Ive been experimenting with casting and specially cabon fiber since the buying them come out to be up to $15 after shipping. This is my first pen from scratch minus the kit ofcourse. I followed the instuction in this site for carbon fiber casting and through it made my own changes alot trial and error. Well heres a picture of this carbon fiber cigar pen. I included a BMW emblem during the casting. I wanted to try casting logos, emblems, names ect to try to make my pens a little more original. Theres nothing more satisfiying than casting your own blank and then turning it to a great glossy shine, because theres to many things that could go wrong and I think i went through all of them. Feedback is greatly apreciated.


----------



## jttheclockman (Jan 4, 2013)

Need much better photos than that  if you want anybody to assess the pen


----------



## Mather323 (Jan 4, 2013)

Very nice work on your pen.

Mike


----------



## BradG (Jan 4, 2013)

no harm in that if they are for yourself, though keep copyright in mind if you ever intend on selling one.

John is very right to mention the pic quality, albeit no beating around the bush and straight to the point (lol John :biggrin: ) 

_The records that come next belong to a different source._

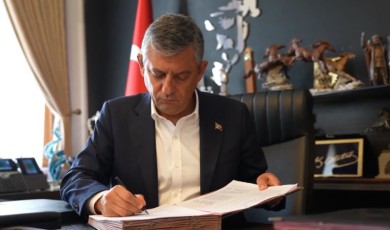 CHP Ana Muhalefet Konumunu Kaybetti! Yeni Parti Meclis Dengesini Sildi Süpürdü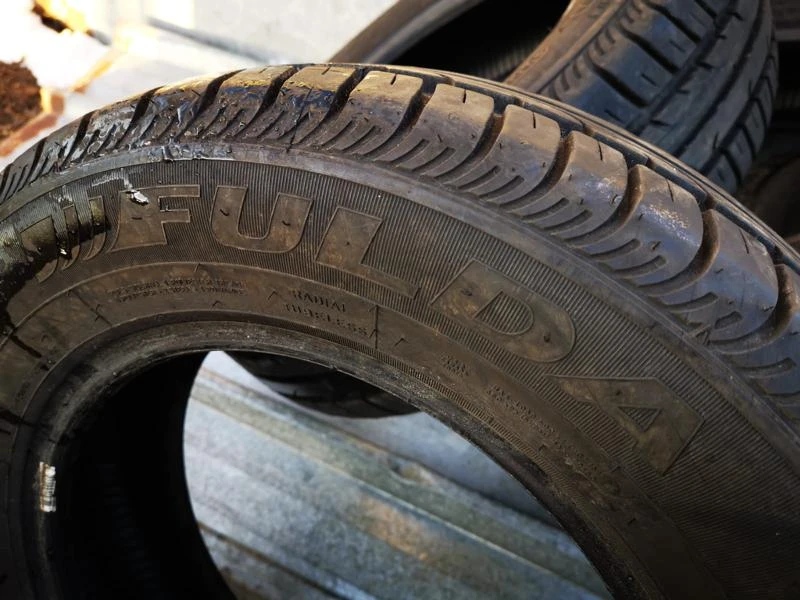 Гуми Летни 175/70R14, снимка 3 - Гуми и джанти - 27310664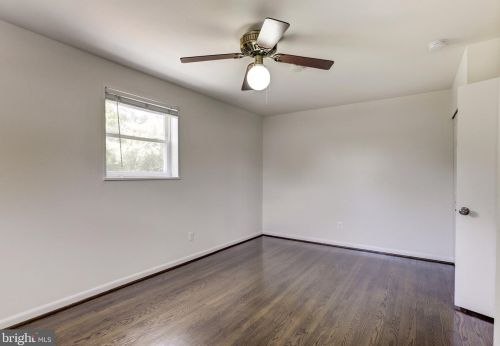 4706 Creek Shore Dr, Rockville MD  20852-2407 exterior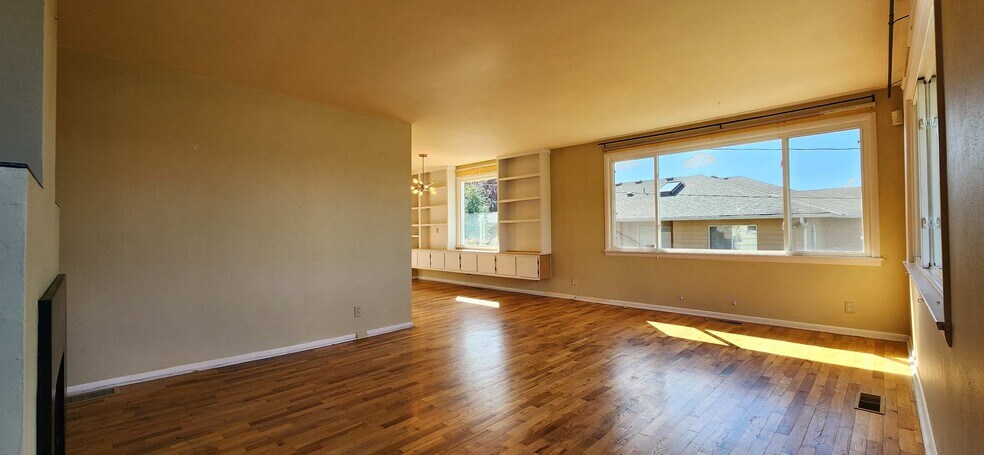 Building Photo - 1013 N 33rd Pl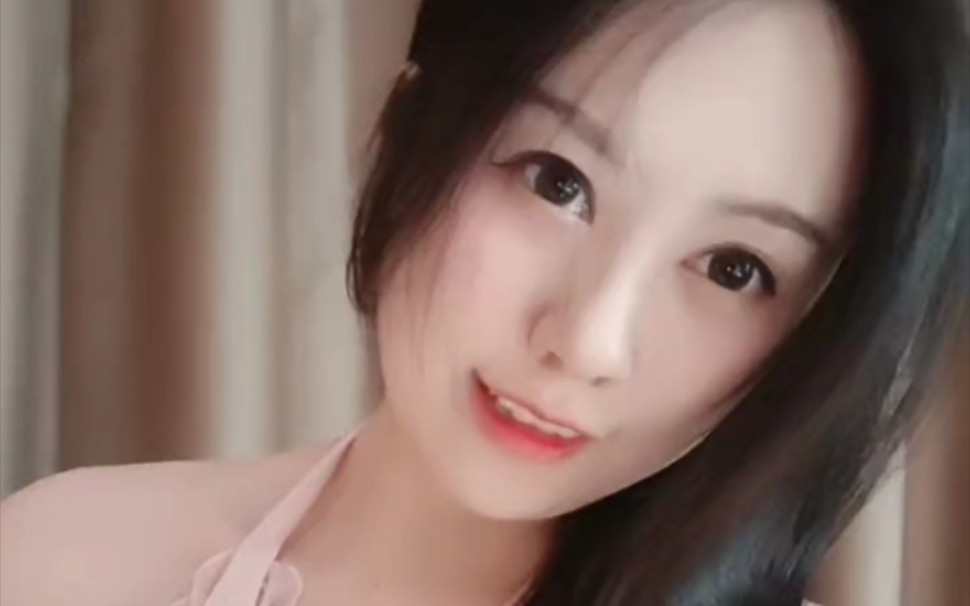 The times they are a-changin'. Teenage girls look at teenage girls.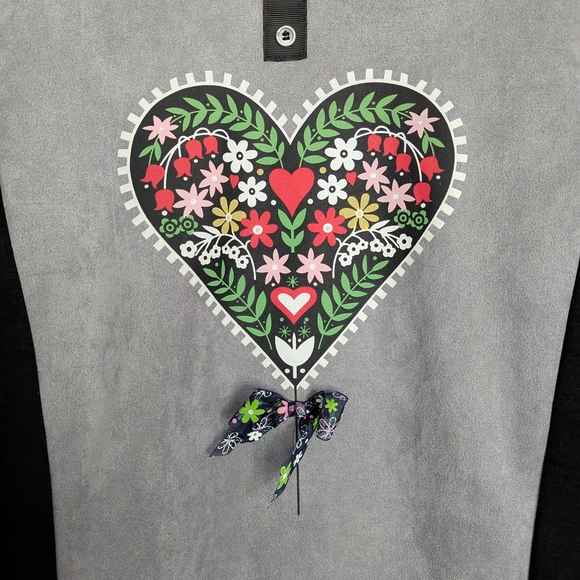 Ling Lang - Heart Patterned Black and Grey Long-Sleeve Sweater/Sweatshirt - Picture 2 of 8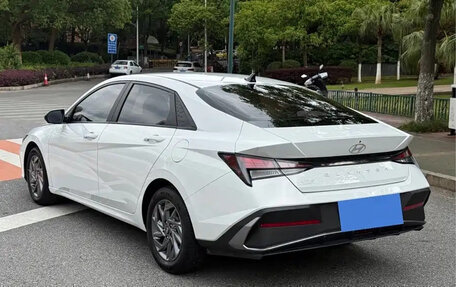 Hyundai Elantra, 2024 год, 1 200 000 рублей, 6 фотография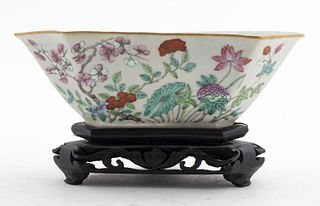 Chinese Famille Rose Floral Ceramic Bowl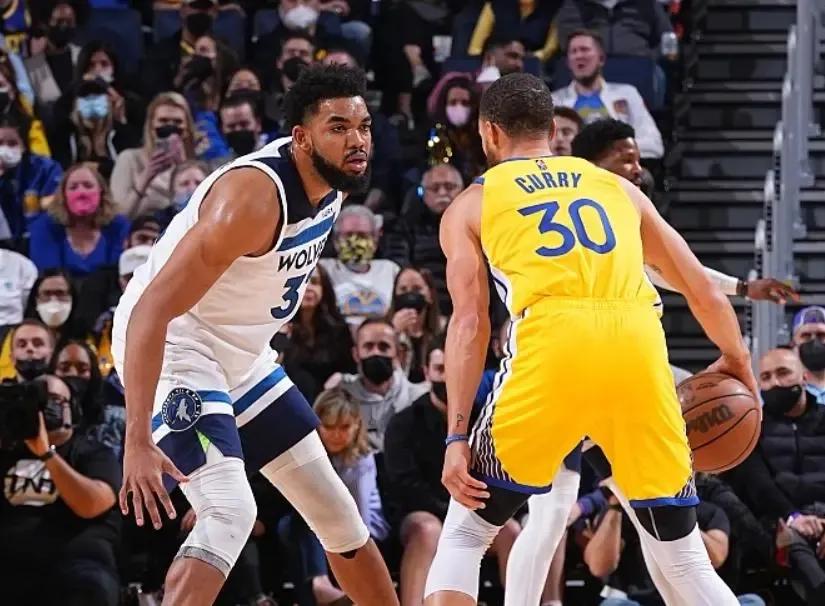 库里砍下50分对维金斯说什么,维金斯26分勇士全队最高库里16分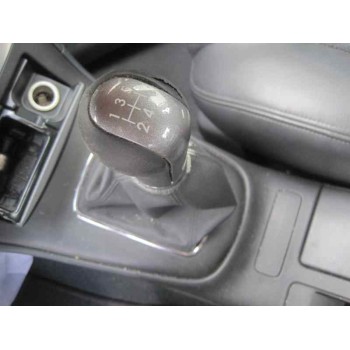 toyota avensis berlina (t25) del año 2004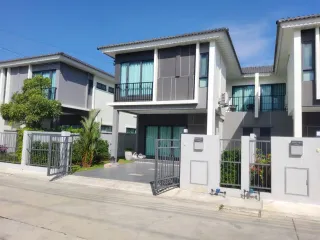 Casa en alquiler de 3 habitaciones en Hua Hin, Prachuap Khiri Khan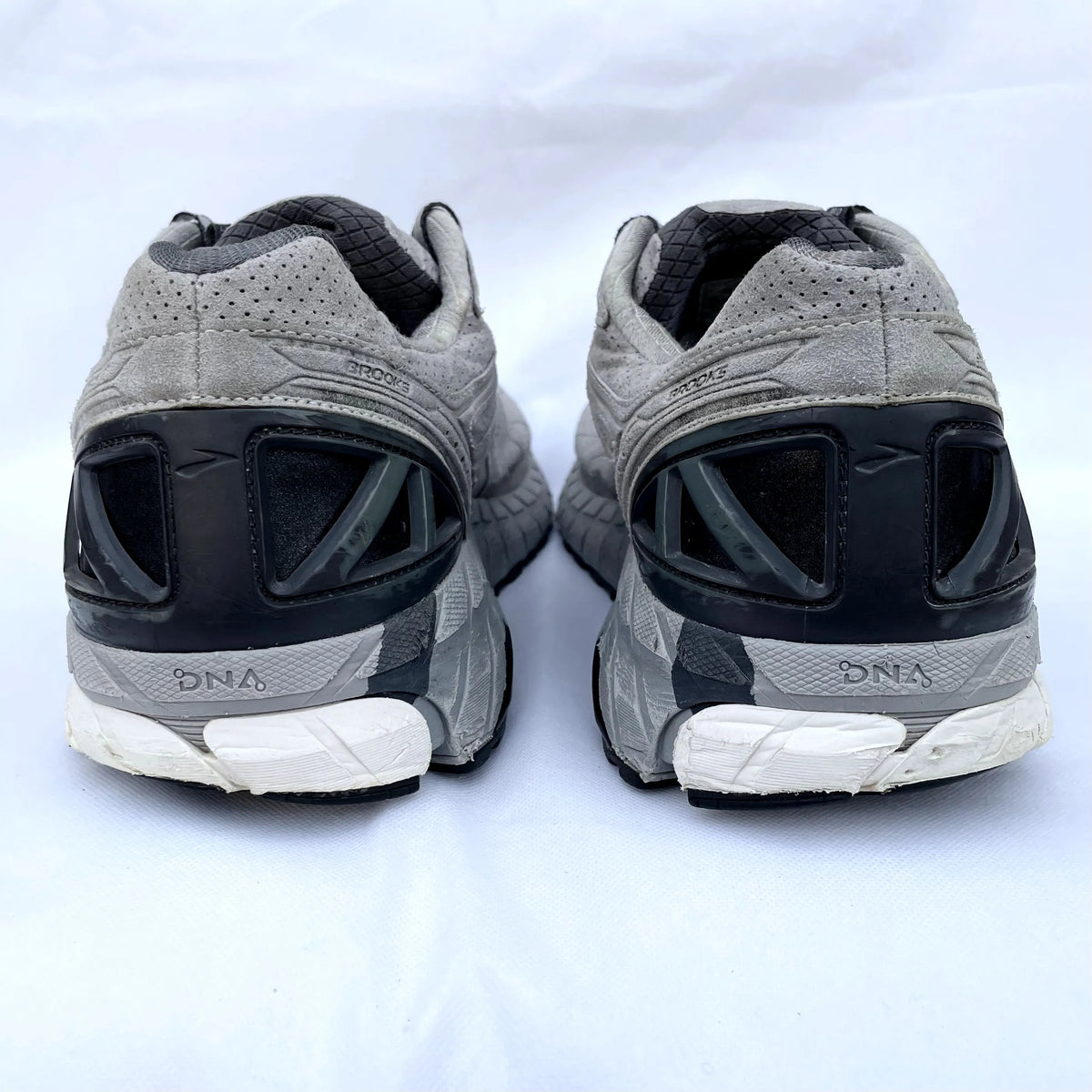 Brooks Beast 16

Use better lighting, and pay attention to the background edges etc... fabric is better than paper..

With Pen turning, the presentation of the pen in the photo is equally important to the quality of the piece

Thoguh from what i can see it looks nice, though i am using alot of presumption, such as im presuming that the carbon fiber is navy blue?


----------



## jmkr53900 (Jan 4, 2013)

Sorry for the pics I know they are no the greatest quality. I don't sell my pens most of the time unless someone sees it and wants to buy it. I made the pen for myself. The carbon fiber is actually black. Tried taking the pic with flash but it reflected too much. I guess I now have to niy a good camera and a display. This hobby is getting pretty expensive. I new I should have taken up smoking and instead. J/K.


----------



## skiprat (Jan 4, 2013)

My brother is a BMW nut ( old E30s etc ) and would kill for that pen. :biggrin:
Don't worry about your pictures. It will get better and better. 
In the meantime, just take your pics outside, but not in direct sunshine and you'll be fine. 
And welcome to IAP:biggrin:


----------



## Jjartwood (Jan 4, 2013)

Very well done! very tasteful and racy looking ,good job.
Mark


----------



## jttheclockman (Jan 4, 2013)

I disagree with Skip in the fact you should worry about your photos. If you are going to post them here and want critique then we need to be able to see them. He is right about taking the shots outside for better light if you do not have the equipment. You can also run them through one of the many photoshop programs to lighten them up or clean them up. Lots of ways around showing some good photos. Some people use their cell phones and that works to a degree. Some people scan them on a scanner so yes do worry about your photos. Now that is if you want us to really see them.   Good luck.


----------



## ericd (Jan 6, 2013)

I always thought the BMW emblem would make a great finial insert.  Where did you get the emblem?

Oh.  Nice job on the pen.


----------



## Glenn McCullough (Jan 6, 2013)

I'll help you out , here...check these out, I adjusted them a bit. Well done!



jttheclockman said:


> Need much better photos than that  if you want anybody to assess the pen


----------



## Dalepenkala (Jan 6, 2013)

Nice looking pen Juan!  Keep up the good work! 

Thanks to Glen for lightening up the pix!


----------